Q4 2018 will determine the half of the next Year
Technical analysis is a tool in trading, it is not a science, it is rather an art and the skill to find, to read the price action and the key points where reversal or the continuation will occur. We will begin this article with, for some of the traders so keen to be long the USD, “cruel” DXY monthly chart shown above. It is revealing an extreme USD downtrend that lasts from 2001 and is in the corrective pullback from 2008 till now. Especially important is the key rejection from 61.8% Fibonacci Resistance of the swing down 2001-2008, 102 level. Another key point is this medium-term break below 96 level in 2018. This level, 96, is the confluence of the two Fibonacci 50% Resistances, the 2001-2008 swing down and 2017-2018 swing down. This is the zone of the Monthly DXY candles shadows 95.676-96.170unbroken for almost a Year now. The clear conclusion we are in the long-term and medium-term USD DXY downtrend.
Now let us take a look at the US 30 Yr T-Bonds. The common mistake is that the long-term uptrend is broken. What can we see from the Quarterly chart below? 135 level is firmly holding and this long blue uptrend line as well. So what is broken? What is making this frenetic media hype calling a bearish market in Bonds? A break of the medium-term uptrend line (red line).

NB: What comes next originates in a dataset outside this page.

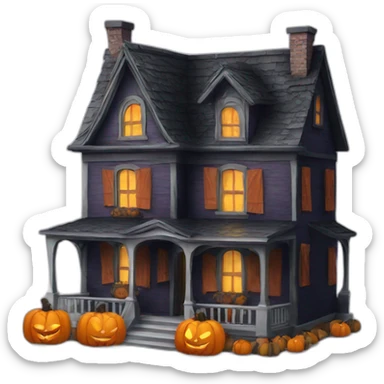 Halloween house sticker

As you can see we mostly use the top-down trading analysis, so on the weekly chart we can see a bullish flag formed. So we have a 3 basis points space for a bond sell-off if it happens from 138-135 for a possible new top in Equities. Even if we don’t have a 3 basis point sell-off we could have 138-144 consolidation which will again be useful for Equities buying and a new swing higher in Indices heading into Year End. So a clear conclusion we don’t have a start of the bear market in Bonds and it will be reflected in lower US yields.
And what about the US 30Yr Yields? Rejected from the monthly confluence of the upside resistance and the downside support 3.477 level. Again there is a space for the sideways rising wedge swings in the 3-3.400 zone before an eventual break lower, which would mean the long-term uptrend continuation in Bonds. Simply no uptrend reversal in Yields.